PS Przy okazji festiwalu Krzysztofa Pendereckiego przypomniano jedno z wydarzeń ubiegłorocznego sezonu. Ukazał się mianowicie dwupłytowy album wydany przez Polskie Radio przy współpracy ze Stowarzyszeniem im. Ludwiga van Beethovena, zawierający koncertowe wykonanie opery Lodoiska, komedii heroicznej w trzech aktach Luigiego Cherubiniego, nagrane 17 marca 2008 w Filharmonii Narodowej w Warszawie podczas koncertu XII Wielkanocnego Festiwalu Ludwiga van Beethovena.

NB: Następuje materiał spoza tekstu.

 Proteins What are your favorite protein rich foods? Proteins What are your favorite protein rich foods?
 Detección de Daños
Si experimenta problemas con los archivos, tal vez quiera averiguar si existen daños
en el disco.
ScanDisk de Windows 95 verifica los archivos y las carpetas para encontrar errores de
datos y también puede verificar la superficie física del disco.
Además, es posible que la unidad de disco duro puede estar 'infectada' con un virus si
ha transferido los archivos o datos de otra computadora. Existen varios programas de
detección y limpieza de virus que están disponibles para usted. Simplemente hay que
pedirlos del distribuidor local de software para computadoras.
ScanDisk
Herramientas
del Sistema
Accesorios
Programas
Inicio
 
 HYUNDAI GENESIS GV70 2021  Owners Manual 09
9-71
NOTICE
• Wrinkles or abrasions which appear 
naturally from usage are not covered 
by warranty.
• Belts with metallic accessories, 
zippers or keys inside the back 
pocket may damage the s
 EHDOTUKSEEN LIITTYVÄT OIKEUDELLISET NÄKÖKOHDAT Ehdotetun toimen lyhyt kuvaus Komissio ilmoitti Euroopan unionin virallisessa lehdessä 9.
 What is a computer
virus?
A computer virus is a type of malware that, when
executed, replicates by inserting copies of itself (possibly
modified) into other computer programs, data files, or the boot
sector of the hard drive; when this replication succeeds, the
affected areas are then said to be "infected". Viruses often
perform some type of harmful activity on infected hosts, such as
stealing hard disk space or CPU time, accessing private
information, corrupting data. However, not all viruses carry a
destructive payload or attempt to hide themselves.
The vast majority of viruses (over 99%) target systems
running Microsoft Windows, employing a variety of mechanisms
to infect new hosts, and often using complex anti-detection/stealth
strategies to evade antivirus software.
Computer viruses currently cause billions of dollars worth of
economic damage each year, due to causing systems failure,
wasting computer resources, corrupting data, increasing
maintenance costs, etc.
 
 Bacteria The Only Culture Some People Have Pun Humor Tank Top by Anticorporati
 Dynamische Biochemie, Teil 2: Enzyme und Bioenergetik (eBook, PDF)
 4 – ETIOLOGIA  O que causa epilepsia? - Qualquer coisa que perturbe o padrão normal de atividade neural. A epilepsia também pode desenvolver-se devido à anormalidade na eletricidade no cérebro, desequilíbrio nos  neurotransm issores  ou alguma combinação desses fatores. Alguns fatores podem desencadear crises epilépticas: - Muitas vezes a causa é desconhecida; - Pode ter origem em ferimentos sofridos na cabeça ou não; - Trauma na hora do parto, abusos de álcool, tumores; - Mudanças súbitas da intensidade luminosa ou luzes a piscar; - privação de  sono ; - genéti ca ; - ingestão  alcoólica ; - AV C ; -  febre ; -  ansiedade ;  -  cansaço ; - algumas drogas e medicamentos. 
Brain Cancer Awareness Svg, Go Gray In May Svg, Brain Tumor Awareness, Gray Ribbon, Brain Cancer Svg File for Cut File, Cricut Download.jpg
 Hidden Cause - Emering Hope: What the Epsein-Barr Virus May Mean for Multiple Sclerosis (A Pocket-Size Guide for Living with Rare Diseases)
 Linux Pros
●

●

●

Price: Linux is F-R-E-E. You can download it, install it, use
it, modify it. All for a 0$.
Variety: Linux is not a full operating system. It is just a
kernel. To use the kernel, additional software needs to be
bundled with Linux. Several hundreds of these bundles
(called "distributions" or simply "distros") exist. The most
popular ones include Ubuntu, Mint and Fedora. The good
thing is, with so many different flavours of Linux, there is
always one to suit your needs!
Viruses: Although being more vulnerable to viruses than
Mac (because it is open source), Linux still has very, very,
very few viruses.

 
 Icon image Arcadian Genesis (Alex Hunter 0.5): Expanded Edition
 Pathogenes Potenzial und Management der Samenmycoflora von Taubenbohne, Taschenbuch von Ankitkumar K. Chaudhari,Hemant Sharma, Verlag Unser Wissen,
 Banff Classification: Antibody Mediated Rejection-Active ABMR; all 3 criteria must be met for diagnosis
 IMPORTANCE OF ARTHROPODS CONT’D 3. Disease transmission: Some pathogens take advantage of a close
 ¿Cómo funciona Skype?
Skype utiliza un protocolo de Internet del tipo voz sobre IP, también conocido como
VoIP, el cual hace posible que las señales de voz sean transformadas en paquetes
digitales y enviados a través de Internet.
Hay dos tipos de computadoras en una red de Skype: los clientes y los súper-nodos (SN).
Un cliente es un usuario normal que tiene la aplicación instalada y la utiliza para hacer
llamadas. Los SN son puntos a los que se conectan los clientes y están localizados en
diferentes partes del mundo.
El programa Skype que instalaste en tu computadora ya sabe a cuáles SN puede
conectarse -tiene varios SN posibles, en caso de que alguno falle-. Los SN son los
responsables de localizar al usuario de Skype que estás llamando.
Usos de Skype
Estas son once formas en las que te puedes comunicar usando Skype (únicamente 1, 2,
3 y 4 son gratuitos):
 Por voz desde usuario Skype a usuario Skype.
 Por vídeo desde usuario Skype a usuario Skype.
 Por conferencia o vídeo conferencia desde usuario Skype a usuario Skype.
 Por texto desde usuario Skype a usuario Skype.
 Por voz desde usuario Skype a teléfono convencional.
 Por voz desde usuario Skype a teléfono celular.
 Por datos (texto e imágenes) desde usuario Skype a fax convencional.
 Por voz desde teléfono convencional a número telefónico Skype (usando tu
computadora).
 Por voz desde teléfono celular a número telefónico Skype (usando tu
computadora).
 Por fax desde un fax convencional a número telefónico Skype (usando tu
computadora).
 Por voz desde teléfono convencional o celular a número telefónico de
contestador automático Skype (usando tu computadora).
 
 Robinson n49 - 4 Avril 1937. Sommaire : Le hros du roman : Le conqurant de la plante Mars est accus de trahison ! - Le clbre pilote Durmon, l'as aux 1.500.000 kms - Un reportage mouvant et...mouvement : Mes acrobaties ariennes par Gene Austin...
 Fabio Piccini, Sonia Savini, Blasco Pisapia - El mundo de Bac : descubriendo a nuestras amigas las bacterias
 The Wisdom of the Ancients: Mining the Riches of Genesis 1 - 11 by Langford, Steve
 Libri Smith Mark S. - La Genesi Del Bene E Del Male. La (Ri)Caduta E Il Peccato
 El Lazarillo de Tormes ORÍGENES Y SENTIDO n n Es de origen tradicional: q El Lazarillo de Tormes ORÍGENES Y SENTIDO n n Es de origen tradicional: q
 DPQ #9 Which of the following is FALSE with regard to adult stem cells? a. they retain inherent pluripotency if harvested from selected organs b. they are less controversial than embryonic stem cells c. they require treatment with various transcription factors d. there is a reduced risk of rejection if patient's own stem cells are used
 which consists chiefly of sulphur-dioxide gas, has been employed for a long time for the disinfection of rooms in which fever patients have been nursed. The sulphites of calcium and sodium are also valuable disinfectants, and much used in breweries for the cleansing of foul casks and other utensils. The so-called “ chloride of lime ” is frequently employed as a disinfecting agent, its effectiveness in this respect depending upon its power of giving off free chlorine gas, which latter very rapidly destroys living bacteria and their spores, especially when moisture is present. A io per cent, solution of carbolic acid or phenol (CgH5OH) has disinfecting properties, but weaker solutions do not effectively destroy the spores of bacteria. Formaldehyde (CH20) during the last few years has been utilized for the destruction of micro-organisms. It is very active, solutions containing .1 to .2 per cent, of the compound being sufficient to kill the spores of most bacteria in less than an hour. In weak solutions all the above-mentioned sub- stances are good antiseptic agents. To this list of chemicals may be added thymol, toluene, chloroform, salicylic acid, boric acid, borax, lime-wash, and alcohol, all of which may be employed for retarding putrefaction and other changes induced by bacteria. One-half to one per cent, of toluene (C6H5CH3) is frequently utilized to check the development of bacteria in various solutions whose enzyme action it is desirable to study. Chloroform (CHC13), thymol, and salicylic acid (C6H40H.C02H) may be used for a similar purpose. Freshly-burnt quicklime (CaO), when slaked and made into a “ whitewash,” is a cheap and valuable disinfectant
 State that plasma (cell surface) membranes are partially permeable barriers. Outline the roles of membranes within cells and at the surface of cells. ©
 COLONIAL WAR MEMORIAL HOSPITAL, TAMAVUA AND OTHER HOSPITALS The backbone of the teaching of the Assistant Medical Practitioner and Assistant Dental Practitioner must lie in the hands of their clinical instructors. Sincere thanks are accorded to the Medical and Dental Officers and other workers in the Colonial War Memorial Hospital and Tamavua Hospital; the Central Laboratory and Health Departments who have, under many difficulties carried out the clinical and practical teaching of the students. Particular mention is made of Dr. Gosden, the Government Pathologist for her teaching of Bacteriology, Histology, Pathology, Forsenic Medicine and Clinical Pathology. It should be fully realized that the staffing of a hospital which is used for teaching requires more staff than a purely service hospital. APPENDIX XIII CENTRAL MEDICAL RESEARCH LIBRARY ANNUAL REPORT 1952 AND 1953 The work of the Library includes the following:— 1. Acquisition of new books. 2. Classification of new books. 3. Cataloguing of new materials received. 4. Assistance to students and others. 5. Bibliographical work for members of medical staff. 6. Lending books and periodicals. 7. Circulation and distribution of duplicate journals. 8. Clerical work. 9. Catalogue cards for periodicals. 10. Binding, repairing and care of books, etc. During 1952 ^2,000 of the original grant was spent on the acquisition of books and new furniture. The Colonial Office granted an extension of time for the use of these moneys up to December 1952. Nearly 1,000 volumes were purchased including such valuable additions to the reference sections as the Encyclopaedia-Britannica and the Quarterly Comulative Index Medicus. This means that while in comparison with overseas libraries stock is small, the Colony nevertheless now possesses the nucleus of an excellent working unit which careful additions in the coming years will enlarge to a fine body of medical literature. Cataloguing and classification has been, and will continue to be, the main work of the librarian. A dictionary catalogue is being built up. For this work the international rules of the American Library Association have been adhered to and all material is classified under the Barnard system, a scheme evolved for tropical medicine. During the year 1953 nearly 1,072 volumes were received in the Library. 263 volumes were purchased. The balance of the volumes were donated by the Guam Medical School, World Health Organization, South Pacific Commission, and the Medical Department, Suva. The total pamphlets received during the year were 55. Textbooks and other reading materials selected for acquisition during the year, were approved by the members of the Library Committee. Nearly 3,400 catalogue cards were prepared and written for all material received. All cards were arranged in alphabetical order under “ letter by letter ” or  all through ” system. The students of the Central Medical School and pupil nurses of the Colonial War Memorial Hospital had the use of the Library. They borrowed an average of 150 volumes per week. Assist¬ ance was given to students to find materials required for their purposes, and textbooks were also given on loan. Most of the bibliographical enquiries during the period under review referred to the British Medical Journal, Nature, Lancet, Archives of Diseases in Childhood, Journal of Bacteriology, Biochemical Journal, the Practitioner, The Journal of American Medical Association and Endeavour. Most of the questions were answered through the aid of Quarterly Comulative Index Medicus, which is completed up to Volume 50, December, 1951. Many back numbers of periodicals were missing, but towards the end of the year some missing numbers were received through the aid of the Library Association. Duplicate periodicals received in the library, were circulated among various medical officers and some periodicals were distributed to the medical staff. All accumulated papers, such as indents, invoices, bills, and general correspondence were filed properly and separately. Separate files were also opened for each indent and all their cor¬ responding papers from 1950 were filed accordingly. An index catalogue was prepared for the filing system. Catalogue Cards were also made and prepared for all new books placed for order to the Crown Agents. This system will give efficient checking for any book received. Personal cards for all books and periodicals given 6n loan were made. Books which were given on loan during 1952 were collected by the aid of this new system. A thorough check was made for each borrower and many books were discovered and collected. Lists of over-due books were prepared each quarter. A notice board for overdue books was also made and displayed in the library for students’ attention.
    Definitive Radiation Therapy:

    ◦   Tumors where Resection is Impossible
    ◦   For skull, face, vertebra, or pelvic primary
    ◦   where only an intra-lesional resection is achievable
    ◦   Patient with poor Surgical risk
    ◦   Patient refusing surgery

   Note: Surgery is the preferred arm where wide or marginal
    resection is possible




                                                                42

Ponieważ w jednym z numerów Trubadura koledzy (T. Pasternak i K. Skwierczyński) podzielili się swoimi wrażeniami z koncertu, ograniczę się do porównania rejestracji z oryginałem.

Tamtego marcowego wieczora moje odczucia były podobne do odczuć kolegów, a może nawet bardziej negatywne. Miałam na przykład ogromne zastrzeżenia do dykcji śpiewaków. W nagraniu brzmią oni zdecydowanie wyraźniej, szczególnie w partiach solowych – z ansamblami bywa nieco gorzej. Niestety nie dotyczy to wykonawczyni partii tytułowej Sofii Soloviy, zyskały natomiast niektóre męskie głosy (Dourliński Wojtka Gierlacha, Titzikan Alexandra Krönera). Zadziwiająco dobrze słucha się np. Varbela (w tej roli Lionel Lhôte), który podczas premiery wypadł zaledwie poprawnie. Nadal podoba mi się Altamoras Remigiusza Łukomskiego.

Potępiony przez kolegów pomysł wykorzystania narratora (Paul-Émile Deiber, prywatnie mąż Maestry Christy Ludwig, która pracowała z artystami nad spektaklem) bardzo mi przypadł do gustu. Dzięki niemu wiadomo było „o czym to jest”, bo jako jedyny podawał tekst w sposób zrozumiały. Na płycie został zresztą o wiele lepiej „zsynchronizowany”, bo istotnie, na koncercie jego „wejścia” burzyły nieco tok opowieści (w sensie czysto technicznym!). Również od strony muzycznej płyta broni się lepiej niż koncert. Konstrukcja utworu wydaje się bardziej spójna, słychać liczne „smaczki” (pięknie brzmi np. polonez Souvent pres d’une belle z pierwszego aktu), które zupełnie umknęły mojej uwadze w Filharmonii, gdzie zbyt silne czasem brzmienie łagodził widok roztańczonego Łukasza Borowicza i zapał, z jakim prowadził POR.

Dodam, że płyta ma bardzo ładną szatę graficzną, a w czterojęzycznej książeczce, oprócz libretta i biogramów wykonawców, znajdziemy między innymi tłumaczenie libretta, dokonane przez Wojciecha Bogusławskiego i jego Uwagi nad operą Lodoiski.